Colin Webster – Education Programme Manager, Ellen MacArthur Foundation
Michael Werner – Green Chemistry and Restricted Substances Manager, Apple Inc.
Gretchen Hooker – Biomimicry Specialist, Biomimicry Institute
Nathan Shedroff – Program Chair, MBA in Design Strategy, California College of the Arts
Ellen Satterlee - CEO, Wege Foundation
Wege Prize 2016 Goes International, Starts Now
All five judges will return for Wege Prize 2016, which is moving to an international level. Next year’s competition will be open to undergraduate students anywhere in the world. Those interested in participating are encouraged to begin networking and connecting with possible mentors and teammates now. More information about Wege Prize 2016 will be revealed in the coming weeks on wegeprize.org.
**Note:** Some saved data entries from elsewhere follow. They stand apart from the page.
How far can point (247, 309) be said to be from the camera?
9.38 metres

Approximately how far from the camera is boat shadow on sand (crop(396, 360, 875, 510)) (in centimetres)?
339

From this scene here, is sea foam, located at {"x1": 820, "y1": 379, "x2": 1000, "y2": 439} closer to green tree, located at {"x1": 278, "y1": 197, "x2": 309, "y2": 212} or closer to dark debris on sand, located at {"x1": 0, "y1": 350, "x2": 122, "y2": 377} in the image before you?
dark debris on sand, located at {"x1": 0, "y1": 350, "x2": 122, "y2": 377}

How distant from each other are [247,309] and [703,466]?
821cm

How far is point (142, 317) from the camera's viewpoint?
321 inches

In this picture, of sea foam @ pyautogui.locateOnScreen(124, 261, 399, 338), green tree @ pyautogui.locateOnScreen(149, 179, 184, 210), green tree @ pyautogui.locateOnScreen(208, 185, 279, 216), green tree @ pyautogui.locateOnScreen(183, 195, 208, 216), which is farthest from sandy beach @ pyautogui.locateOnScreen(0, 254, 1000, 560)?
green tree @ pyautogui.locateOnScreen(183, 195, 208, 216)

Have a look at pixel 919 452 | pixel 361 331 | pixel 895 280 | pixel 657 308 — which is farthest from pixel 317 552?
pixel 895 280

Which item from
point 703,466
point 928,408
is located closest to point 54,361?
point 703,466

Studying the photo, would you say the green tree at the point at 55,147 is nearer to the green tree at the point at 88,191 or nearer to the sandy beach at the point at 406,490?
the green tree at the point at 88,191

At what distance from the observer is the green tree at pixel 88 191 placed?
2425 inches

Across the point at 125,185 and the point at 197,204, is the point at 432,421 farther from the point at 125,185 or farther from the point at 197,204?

“We want to thank our esteemed judges and all of the brave, bold, and passionate students who rose to this year’s challenge, and we look forward to the new connections, collaborations, and ideas that will emerge as we transition to an international level,” said Wege Prize organizer Gayle DeBruyn. “The sooner students begin making connections, finding mentors, and brainstorming possible solutions, the better, because Wege Prize 2016 starts right now.”